Single Channel 10 bit images - opengl

Is there any way in OpenGL to load and read a 10 bit image? It doesn't have to be optimal efficiency on the GPU side. I just want to offload my CPU from converting everyting to 8bit before shuffling it to the GPU.
I noticed that the only 10 bit texture format supported is RGB10, which isn't what I'm looking for.
Vendor specific extensions are alright.

I just want to offload my CPU from converting everyting to 8bit before shuffling it to the GPU.
Well, that's not going to happen. The GPU never does format conversions (except maybe swizzling, but that's really part of the DMA). The CPU does format conversions, which is why it is so important to avoid format mismatches.
So even if OpenGL had a way to describe 10-bit single-channel data, you'd still be relying on the CPU to decode it into the format the GPU actually uses (ie: 8-bit). It just wouldn't be your code doing the conversion; it'd be driver code. Either way, it's eating CPU resources.
But that's irrelevant to your needs, since OpenGL does not have a way to upload 10-bit single-channel data. How do you even store that; the pixels aren't byte-aligned.
In general, you are advised to do this kind of conversion off-line where possible and store the data in the formats where it makes the most sense.

Related

Modern Modelling Formats that Support Vertex Buffers

Are there any modeling formats that directly support Vertex Buffer Objects?
Currently my game engine has been using Wavefront Models, but I have always been using them with immediate mode and display lists.
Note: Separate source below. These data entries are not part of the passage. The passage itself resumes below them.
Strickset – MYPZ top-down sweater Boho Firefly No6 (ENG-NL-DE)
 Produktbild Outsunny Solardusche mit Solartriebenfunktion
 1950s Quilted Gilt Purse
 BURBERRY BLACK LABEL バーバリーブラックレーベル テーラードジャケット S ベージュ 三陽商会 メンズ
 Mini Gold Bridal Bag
This works, but I wanted to upgrade my entire system to modern OpenGL, including Shaders. I know that I can use immediate mode and display lists with Shaders, but like most aspiring developers, I want my game to be the best it can be. After asking the question linked above, I quickly came to the realization that Wavefront Models simply don't support Vertex Buffers; this is mainly due to the fact of how the model is indexed. In order for a Vertex Buffer Object to be used, Vertices, Texture Coordinates, and the Normal arrays all need to be equal in length.
I can achieve this by writing my own converter, which I have done. Essentially I unroll the indexing and create the associated arrays. I don't even need to exactly use glDrawElements then, I can just use glDrawArrays, which I'm perfectly fine doing. The only problem is that I am actually duplicating data; the arrays become massive(especially with large models), and this just seems wrong to me. Certainly there has to be a modern way of initializing a model into a Vertex Buffer without completely unrolling the indexing. So I have two questions.
1. Are their any modern model formats/concepts that support direct Vertex Buffer Objects?
2. Is this already an industry standard? Do most game engines unroll the indexing(and inflate the arrays also called unpacking) at runtime to create the game world assets?
The primary concern with storage formats is space efficiency. Reading from storage media you're limited by I/O bandwidth by large. So any CPU cycles you can invest to reduce the total amount of data to be read from storage will hugely benefit asset loading times. Just to give you the general idea. Even the fastest SSDs you can currently buy at the time of writing this won't get over 5GiB/s (believe me, I tried sourcing something that can saturate 8 lanes of PCIe-3 for my work). Your typical CPU memory bandwidth is at least one order of magnitude above that. GPUs have even more memory bandwidth. Even faster are lower level caches.
So what I'm trying to tell you: That index unrolling overhead? It's mostly an inconvenience for you, the developer, but probably shaves off some time from loading the assets.
(suggested edit): Of course storing numbers in their text representation is not going to help with space efficiency; depending on the choice of base a single digit represents between 3 to 5 bits (lets say 4 bits). That same text character however consumes 8 bits, so you have about 100% overhead there. The lowest hanging fruit this is storing in a binary format.
But why stop there? How about applying compression on the data? There are a number of compressed asset formats. But one particularly well developed one is OpenCTM, although it would make some sense to add one of the recently developed compression algorithms to it. I'm thinking of Zstandard here, which compresses data ridiculously well and at the same time is obscenely fast at decompression.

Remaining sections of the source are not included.